My team and I are currently looking to run some tests on our sample data using the Dgraph database. However, we are unclear as to how much computing power, memory, and disk space that we would need for a 100 GB dataset. We are currently considering >16 CPU cores, >32 GB of RAM, and 1 TB of SSD. We are unsure if we would actually need this much memory and disk space to be able to handle a dataset of this size. Our calculations have led us to believe that 1 TB is a good amount of disk space to use but it seems rather large. Please advise.
Sounds like a good start. I might give it 64 GB RAM to be on the safe side.
For 100 GB of data, would we really need 1 TB of disk space, and why?
An outside datapoint here, but I have ~100GB per group and I have to use 2TB disks on each server in google cloud to get the disk throughput quota required to insert to dgraph fast.

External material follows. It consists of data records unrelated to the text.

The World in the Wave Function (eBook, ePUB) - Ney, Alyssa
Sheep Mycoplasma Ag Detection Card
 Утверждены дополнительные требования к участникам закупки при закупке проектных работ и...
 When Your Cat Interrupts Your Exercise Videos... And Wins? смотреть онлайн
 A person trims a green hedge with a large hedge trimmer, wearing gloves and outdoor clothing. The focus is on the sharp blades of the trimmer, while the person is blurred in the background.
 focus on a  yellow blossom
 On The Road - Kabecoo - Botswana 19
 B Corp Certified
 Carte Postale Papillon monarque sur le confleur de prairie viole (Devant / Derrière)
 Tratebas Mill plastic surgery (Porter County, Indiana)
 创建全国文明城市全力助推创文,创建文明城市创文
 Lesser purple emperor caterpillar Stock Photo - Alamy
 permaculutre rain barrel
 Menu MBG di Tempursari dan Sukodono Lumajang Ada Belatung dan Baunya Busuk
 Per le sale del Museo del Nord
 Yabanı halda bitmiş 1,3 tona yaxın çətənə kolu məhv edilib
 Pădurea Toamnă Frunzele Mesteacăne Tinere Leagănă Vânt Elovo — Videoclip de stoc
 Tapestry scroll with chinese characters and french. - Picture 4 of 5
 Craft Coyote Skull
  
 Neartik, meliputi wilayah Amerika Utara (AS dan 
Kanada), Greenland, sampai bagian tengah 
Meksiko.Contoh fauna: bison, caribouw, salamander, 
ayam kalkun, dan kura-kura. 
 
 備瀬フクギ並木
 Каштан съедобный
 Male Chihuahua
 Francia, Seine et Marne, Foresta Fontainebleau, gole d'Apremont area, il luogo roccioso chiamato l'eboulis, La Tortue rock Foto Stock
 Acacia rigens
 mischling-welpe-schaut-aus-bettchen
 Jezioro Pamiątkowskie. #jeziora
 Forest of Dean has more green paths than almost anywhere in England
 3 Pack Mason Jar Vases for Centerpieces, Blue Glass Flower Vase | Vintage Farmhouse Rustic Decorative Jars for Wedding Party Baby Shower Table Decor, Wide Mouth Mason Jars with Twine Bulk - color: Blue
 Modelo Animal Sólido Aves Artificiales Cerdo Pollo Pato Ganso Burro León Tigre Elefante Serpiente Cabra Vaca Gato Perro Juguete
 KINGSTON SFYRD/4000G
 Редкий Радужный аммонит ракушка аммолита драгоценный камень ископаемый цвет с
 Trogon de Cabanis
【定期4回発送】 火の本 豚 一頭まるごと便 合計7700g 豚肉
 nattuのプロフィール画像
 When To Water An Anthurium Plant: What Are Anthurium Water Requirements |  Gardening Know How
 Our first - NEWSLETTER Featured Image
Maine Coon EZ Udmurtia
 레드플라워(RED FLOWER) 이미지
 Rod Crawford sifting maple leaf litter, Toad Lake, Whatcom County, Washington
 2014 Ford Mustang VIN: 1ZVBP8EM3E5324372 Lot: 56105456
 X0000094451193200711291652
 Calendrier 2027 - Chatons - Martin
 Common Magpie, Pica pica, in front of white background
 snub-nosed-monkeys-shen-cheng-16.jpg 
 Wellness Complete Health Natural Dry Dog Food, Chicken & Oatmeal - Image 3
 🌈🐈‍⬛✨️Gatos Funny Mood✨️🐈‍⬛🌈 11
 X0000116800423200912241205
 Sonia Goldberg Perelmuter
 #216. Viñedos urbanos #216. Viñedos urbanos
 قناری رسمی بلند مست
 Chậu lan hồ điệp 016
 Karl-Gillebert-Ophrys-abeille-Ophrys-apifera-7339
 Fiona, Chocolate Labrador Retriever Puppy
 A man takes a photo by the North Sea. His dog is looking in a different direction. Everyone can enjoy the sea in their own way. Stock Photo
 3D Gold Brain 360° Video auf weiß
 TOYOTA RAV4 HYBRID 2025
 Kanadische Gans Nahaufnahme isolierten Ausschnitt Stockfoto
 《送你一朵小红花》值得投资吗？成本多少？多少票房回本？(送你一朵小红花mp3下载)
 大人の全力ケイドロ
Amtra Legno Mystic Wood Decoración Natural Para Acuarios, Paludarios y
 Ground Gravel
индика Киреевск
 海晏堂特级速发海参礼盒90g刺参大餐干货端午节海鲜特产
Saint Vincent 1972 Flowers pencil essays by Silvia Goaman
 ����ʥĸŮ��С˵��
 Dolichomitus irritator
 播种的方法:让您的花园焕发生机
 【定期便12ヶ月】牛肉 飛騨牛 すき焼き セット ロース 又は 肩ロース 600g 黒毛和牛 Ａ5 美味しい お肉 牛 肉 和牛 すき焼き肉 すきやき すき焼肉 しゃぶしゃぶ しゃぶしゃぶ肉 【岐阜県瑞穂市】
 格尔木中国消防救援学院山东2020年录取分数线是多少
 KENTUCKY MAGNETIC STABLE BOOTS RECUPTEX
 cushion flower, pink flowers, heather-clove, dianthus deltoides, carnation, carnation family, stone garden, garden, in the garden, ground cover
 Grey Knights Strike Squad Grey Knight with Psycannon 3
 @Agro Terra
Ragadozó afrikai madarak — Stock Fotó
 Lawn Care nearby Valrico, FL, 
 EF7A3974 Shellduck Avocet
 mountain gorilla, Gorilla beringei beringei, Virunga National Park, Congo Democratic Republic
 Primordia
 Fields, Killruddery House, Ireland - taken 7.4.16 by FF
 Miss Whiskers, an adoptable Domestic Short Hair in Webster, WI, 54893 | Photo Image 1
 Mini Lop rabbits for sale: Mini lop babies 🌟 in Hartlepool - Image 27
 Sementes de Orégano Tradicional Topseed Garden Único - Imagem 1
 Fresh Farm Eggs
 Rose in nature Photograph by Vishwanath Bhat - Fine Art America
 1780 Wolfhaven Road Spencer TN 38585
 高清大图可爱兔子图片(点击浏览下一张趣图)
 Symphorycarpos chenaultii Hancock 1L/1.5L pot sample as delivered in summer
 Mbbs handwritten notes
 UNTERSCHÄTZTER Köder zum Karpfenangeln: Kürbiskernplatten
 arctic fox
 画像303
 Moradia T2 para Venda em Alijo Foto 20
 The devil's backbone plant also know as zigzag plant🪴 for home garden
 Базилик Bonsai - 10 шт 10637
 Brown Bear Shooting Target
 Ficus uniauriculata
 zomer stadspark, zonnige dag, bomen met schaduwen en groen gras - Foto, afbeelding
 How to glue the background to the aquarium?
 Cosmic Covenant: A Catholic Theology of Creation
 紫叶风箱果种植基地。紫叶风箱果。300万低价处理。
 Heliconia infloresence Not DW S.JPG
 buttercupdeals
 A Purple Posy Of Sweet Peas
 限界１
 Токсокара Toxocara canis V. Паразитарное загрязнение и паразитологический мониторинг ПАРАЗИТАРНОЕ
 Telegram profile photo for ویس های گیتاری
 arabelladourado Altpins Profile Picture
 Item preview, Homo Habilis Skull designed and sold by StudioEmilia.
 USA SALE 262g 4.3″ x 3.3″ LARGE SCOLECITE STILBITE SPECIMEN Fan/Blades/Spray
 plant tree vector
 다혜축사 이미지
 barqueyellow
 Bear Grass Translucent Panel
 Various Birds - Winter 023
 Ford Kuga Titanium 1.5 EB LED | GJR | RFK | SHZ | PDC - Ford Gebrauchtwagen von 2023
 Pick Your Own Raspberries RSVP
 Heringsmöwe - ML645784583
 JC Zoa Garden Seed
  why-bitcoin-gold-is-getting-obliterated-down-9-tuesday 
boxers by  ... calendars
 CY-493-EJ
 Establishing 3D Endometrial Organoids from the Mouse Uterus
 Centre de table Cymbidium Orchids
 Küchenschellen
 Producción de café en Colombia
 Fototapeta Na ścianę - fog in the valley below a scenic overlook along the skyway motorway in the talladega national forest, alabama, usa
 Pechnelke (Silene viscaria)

If your data changes often then the MVCC architecture will also use a lot more disk than you literally would believe is in the graph ‘right now’, but then will compact down. For instance, see here one of my alpha’s disk usage over time, as reported from the prometheus metrics within dgraph:
You probably won’t need a TB of disk – but it’s hard to estimate without knowing much about how you’re calculating disk usage currently. Is it compressed raw data? Is it stored in some other DB and contains all the indices? How many indices would you have in Dgraph, etc.
The defaults in Dgraph Cloud are 16 cores, 64 GB RAM with 320 GB disk. You could go with that and iterate from there.